■ Work request
Omit all pictures. Quote only the lines from the one with "K raheja corp_in_india_company_profile" through the end of the material below.

■ Data segment
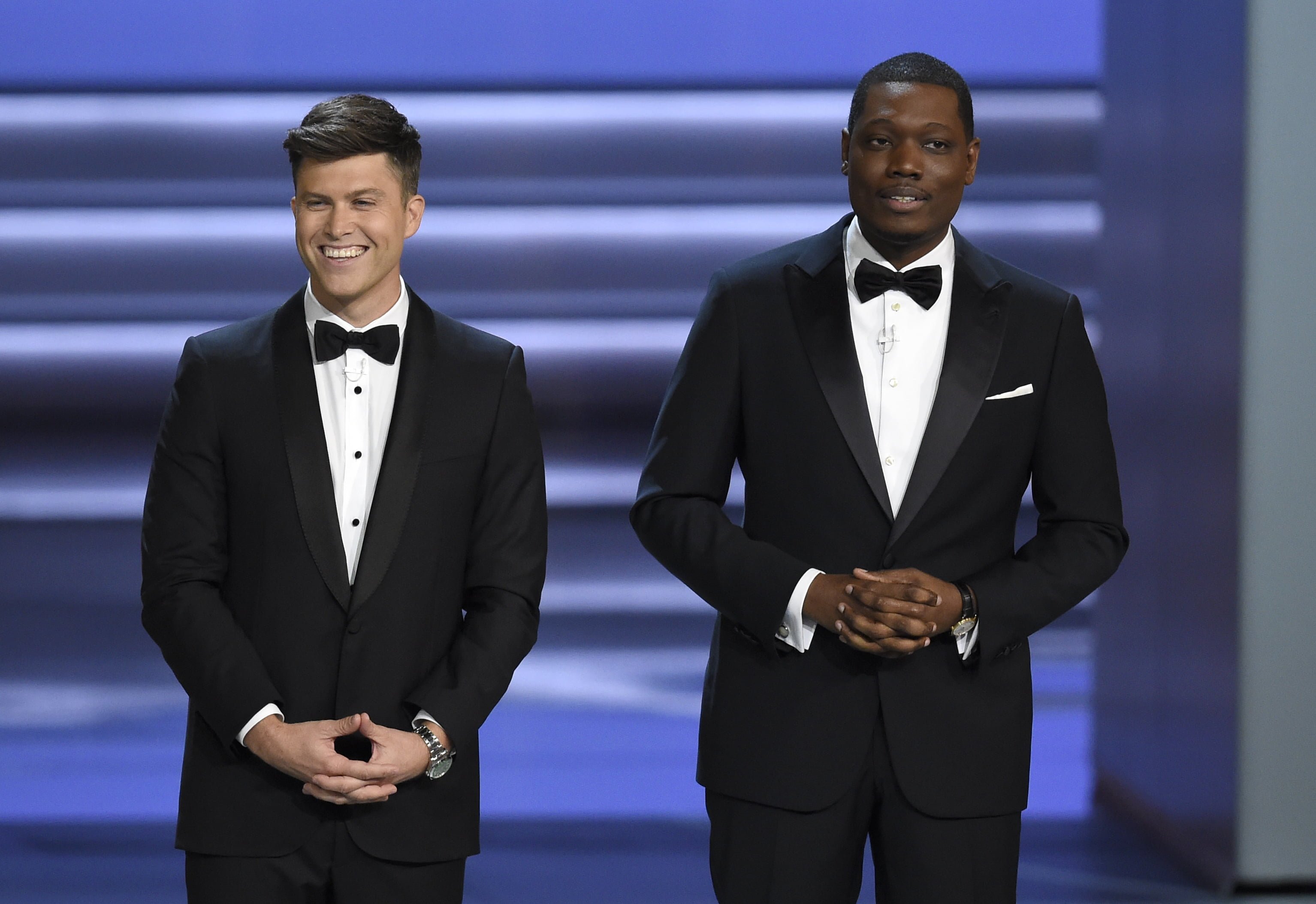 Colin Jost, Michael Che The North State Journal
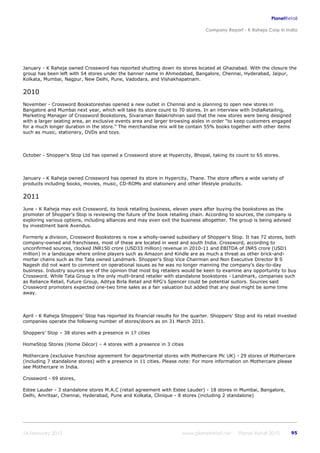 K raheja corp_in_india_company_profile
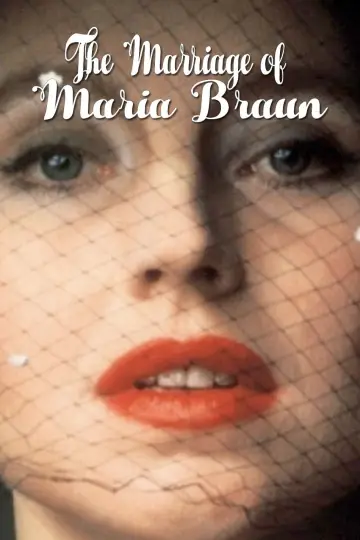 Poster to the movie "The Marriage of Maria Braun" #1092617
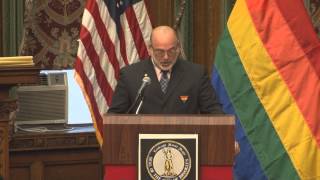 One Brooklyn-- Brookn Pride Reception in Brooklyn Borough Hall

■ Solution to the problem
 K raheja corp_in_india_company_profile
 Poster to the movie "The Marriage of Maria Braun" #1092617
 One Brooklyn-- Brookn Pride Reception in Brooklyn Borough Hall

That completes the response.